The benefit of “fur” is that it moves when wind hits it thus dispersing the energy rather than creating sound.
Avoid anything that is too thick or dense as it will absorb too much sound - in most cases making the sound dull.
The trouble with most fake fur (or real fur) is that the backing is too dense.
I’m trying to remember who around me made a custom wind shield for his own microphone… It has to be loose so as not to attenuate high frequencies. It can’t sound like you’re listening through a wool sock.
Oh, and it’s “Gaffer’s Tape” which has a cloth fabric backing. Duct Tape has a plastic backing and will melt around theatrical lighting.

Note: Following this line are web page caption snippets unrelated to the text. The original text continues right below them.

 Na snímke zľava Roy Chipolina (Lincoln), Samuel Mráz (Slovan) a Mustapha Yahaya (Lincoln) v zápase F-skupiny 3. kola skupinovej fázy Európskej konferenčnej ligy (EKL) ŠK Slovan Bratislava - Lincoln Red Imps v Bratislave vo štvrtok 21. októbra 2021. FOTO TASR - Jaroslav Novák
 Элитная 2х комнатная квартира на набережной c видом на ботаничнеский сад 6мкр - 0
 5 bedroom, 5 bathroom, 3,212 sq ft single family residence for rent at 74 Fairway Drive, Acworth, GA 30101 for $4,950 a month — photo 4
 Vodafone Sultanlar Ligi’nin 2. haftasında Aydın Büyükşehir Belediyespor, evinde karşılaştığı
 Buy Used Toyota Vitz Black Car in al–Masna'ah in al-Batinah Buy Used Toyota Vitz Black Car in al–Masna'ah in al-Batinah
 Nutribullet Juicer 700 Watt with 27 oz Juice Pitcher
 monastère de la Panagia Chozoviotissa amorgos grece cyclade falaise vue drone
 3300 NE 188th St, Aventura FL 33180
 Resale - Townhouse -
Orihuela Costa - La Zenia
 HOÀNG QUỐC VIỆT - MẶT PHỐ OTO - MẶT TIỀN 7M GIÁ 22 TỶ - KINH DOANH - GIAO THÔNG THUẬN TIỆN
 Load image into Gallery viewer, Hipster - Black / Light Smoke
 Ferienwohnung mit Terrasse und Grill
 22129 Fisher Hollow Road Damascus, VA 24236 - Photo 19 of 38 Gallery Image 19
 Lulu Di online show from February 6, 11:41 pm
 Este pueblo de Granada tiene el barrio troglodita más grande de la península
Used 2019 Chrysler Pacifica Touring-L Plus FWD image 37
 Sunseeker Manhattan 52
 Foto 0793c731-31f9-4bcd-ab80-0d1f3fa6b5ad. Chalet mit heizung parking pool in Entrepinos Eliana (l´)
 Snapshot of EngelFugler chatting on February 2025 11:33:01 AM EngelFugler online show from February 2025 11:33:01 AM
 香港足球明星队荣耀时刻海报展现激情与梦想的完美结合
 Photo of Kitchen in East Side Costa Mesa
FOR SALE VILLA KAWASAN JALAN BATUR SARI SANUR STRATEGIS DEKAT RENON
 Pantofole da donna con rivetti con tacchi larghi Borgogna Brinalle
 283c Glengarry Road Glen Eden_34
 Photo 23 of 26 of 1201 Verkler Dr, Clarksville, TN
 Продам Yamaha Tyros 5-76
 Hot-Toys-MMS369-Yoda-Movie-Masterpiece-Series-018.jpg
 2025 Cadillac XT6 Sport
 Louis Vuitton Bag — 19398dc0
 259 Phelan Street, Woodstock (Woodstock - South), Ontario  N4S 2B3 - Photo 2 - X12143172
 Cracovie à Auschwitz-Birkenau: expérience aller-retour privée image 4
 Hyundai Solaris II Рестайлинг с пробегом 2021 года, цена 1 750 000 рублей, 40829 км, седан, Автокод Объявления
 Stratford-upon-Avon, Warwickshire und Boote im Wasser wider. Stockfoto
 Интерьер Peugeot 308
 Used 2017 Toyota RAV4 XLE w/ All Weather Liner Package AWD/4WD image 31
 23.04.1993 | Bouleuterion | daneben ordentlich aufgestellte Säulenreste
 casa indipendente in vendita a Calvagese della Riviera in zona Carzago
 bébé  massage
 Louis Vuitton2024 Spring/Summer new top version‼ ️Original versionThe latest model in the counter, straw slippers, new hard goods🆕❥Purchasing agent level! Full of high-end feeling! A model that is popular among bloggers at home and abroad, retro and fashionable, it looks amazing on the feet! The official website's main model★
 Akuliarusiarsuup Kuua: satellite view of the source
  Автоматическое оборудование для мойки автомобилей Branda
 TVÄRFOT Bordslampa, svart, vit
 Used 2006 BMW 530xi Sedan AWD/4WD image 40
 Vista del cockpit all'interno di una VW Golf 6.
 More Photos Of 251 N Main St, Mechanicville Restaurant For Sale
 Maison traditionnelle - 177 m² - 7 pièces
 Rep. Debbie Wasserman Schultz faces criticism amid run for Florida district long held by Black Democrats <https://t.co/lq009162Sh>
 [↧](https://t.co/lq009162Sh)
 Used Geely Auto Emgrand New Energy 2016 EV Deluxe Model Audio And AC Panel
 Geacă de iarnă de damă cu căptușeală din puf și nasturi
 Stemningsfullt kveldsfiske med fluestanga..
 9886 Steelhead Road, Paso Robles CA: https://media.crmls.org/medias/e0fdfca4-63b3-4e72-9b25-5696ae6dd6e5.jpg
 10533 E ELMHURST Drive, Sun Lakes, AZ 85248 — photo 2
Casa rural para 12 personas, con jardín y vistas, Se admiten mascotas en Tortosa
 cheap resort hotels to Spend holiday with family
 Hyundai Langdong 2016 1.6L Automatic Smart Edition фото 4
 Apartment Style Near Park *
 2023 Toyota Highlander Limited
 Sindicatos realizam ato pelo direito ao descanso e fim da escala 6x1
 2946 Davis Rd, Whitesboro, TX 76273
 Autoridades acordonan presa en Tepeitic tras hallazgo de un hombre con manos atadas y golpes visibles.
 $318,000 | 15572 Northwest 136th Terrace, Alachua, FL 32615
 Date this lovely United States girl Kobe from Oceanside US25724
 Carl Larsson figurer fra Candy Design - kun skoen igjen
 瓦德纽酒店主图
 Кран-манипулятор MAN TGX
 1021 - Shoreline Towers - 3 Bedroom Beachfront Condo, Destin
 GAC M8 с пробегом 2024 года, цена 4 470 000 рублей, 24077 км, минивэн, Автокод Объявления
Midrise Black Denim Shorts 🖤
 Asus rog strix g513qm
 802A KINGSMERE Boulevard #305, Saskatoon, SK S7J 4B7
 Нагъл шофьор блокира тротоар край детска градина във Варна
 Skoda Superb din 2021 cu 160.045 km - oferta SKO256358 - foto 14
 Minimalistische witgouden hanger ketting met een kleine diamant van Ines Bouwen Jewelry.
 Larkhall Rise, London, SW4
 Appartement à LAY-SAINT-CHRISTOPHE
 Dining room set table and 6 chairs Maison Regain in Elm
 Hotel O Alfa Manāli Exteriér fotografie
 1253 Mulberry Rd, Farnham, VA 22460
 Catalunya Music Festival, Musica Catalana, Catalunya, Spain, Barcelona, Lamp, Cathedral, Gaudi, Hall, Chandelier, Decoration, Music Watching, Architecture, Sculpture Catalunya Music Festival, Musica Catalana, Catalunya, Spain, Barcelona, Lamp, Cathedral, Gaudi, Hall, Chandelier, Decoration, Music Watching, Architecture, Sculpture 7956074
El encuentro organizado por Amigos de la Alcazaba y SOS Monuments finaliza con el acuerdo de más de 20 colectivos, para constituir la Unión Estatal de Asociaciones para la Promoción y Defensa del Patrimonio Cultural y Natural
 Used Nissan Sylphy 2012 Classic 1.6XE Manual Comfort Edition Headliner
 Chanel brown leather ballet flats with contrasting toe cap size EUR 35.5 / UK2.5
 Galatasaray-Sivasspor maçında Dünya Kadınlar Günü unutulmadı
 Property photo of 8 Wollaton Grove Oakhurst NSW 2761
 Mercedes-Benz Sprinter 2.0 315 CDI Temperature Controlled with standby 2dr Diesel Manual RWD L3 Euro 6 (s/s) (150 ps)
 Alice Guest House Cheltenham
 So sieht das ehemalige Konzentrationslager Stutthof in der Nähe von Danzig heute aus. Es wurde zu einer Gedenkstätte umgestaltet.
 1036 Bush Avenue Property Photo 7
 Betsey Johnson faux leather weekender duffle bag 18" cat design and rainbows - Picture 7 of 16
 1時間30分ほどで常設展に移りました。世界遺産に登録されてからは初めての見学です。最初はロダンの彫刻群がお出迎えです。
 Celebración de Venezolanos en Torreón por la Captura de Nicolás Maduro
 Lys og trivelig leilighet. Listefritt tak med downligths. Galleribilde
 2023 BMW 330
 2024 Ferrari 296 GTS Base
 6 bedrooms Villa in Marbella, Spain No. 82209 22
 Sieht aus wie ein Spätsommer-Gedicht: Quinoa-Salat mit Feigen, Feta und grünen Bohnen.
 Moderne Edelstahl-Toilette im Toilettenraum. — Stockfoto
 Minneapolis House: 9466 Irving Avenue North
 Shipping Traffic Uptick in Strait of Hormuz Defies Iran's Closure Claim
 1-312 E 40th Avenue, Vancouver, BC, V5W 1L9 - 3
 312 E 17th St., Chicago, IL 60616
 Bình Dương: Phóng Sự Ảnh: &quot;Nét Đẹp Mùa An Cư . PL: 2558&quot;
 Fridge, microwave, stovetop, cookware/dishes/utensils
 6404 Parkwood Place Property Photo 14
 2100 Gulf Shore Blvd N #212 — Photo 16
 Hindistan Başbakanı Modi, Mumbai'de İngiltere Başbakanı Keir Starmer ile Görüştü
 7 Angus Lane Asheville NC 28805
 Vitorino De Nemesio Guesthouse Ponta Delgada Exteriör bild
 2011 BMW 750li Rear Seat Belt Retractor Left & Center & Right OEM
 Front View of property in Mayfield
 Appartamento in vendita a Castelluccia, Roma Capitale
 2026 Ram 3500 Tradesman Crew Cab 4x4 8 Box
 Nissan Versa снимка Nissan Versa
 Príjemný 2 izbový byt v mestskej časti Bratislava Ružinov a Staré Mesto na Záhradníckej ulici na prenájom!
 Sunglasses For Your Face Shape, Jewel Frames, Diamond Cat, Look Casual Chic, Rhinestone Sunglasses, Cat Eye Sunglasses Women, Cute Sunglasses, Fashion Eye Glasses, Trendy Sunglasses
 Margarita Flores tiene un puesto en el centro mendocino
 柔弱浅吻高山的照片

And either are suitable for this application, though as I have a copious supply of Gaffa (Gaffer, Gaffer’s, Gaff) tape, that’s what I used.
Drifting further off topic; long before becoming a brand name, the term “duck” referred to a light waterproof cotton canvas material. “Ducking” was a tight weave canvas (“cotton duck” or “duck cloth”), treated with wax or oil to make it repel water for use as tent material, hence “duck paulin”.
Drifting back again; blowing on it is probably not a very good test. The wind effect that comprehensively destroys a show is the low end roar of wind hitting the diaphragm. Even a very thin material (such as ladies stockings) should significantly reduce that effect, much in the way that a vocal pop shield works. It may be worth waiting for the weather to improve before continuing tests.
It would look gawd-awful ugly, but you could make a cage around the microphone from bent metal clothes hangers and then stretch two coverings of ladies’ panty hose over it. Effectively making an all-direction pop and blast filter. It should have near zero effect on the pattern or frequency response.
I heard from the production guy on the fourth floor.
“It was a loofah washcloth that you could put your hand inside. I just slipped the recorder inside. I
found that the loofah material was fairly acoustically transparent, though not as much so as a proper zeppelin fur which is what will do the best job. Your mileage may vary of course.”